↓↓↓

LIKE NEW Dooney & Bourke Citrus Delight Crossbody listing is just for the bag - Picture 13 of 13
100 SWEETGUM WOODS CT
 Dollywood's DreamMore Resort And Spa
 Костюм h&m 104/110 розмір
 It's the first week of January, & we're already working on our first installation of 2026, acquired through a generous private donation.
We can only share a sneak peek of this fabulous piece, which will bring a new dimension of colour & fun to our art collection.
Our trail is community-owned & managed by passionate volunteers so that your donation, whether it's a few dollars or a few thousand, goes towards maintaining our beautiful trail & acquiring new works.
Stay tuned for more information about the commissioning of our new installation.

↑↑↑

(TASK GOAL): Give the entries again, every one of them exactly.

(RESPONSE TO THE EXERCISE):
LIKE NEW Dooney & Bourke Citrus Delight Crossbody listing is just for the bag - Picture 13 of 13
100 SWEETGUM WOODS CT
 Dollywood's DreamMore Resort And Spa
 Костюм h&m 104/110 розмір
 It's the first week of January, & we're already working on our first installation of 2026, acquired through a generous private donation.
We can only share a sneak peek of this fabulous piece, which will bring a new dimension of colour & fun to our art collection.
Our trail is community-owned & managed by passionate volunteers so that your donation, whether it's a few dollars or a few thousand, goes towards maintaining our beautiful trail & acquiring new works.
Stay tuned for more information about the commissioning of our new installation.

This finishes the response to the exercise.